In the face of the conflict in Ukraine, it is worth reviewing Russian foreign policy, from its most fundamental logic to its ramifications in the hemisphere that concerns us here at The Americanist.
Russian foreign policy has little or nothing to do with the ideological affinity or form of government of its allies. This is easy to lose sight of; whether on the strength of the neocon narrative; the division of the world into left and right; or the division between liberal democracies and authoritarian regimes.
- Russia's strategy differs from China's - which is more commercial - and from the US - which promotes or imposes its political and economic model. Moscow is simply interested in grouping markets and allies in order to establish itself as a rival to Washington. And it is succeeding.
- Formally, Russia respects the internal affairs of each country, which translates into the possibility of allying itself with any kind of politician, from Bolsonaro to Al-Assad to Ortega and Maduro (informally, it mediates according to its interests, like any power).

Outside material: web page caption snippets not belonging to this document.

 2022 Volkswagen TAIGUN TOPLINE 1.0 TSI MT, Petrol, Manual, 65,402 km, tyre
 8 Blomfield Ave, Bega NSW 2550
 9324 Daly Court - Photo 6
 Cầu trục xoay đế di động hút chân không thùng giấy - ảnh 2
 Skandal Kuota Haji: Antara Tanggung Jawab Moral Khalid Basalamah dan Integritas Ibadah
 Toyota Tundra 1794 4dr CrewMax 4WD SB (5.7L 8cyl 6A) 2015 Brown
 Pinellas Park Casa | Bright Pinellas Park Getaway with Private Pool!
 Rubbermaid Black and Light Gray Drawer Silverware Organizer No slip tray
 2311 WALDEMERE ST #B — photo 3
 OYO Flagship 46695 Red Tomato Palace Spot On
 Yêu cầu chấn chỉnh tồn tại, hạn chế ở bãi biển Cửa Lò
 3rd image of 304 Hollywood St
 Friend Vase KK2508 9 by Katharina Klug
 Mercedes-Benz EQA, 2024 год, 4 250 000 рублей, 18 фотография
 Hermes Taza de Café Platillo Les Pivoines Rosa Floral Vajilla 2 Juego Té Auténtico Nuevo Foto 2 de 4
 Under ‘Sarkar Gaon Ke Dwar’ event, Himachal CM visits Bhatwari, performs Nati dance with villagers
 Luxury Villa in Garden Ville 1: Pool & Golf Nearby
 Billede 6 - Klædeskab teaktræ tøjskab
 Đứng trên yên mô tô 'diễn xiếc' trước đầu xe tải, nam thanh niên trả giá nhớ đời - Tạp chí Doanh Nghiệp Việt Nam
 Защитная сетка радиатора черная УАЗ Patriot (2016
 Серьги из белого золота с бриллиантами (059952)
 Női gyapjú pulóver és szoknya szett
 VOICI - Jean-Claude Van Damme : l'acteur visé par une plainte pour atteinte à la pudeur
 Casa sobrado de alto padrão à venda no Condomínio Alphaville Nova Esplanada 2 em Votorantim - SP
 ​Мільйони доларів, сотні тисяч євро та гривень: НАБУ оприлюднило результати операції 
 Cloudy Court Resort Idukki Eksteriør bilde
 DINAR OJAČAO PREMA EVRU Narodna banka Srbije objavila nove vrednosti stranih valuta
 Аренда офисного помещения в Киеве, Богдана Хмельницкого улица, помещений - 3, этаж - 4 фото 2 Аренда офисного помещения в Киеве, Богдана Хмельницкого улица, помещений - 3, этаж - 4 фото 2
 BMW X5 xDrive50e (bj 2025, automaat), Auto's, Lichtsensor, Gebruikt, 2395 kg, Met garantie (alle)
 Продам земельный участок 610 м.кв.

- In this way Putin has become the godfather of all those chief executives isolated from the mainstream international community for being extreme.
- Multipolarity has long been central to Russian diplomatic discourse: as the Eurasian bloc consolidates, an increasingly weakened US provides the perfect opportunity to constitute other civilisational poles under the Kremlin's aegis - and constant vigilance.
Brazil is perhaps an atypical occasion for Russia's presence in Latin America, as Slavic custom has been to align itself with leftist leaders on the continent. But it is not atypical from a global perspective, given the prevailing goal of multipolarity. Russia has not aligned itself with the Latin American left, but against the hegemon and the 'West' and its way of doing things. Thus, in other latitudes, Moscow has moved closer to Iran, Syria and Hungary.
- For some time now, Putin has widely praised Bolsonaro and invited him to visit him in Moscow, a trip that took place during the week of 17 February. Bolsonaro seems to have been driven into the arms of the Kremlin, in the face of the hatred that "the West" has for him.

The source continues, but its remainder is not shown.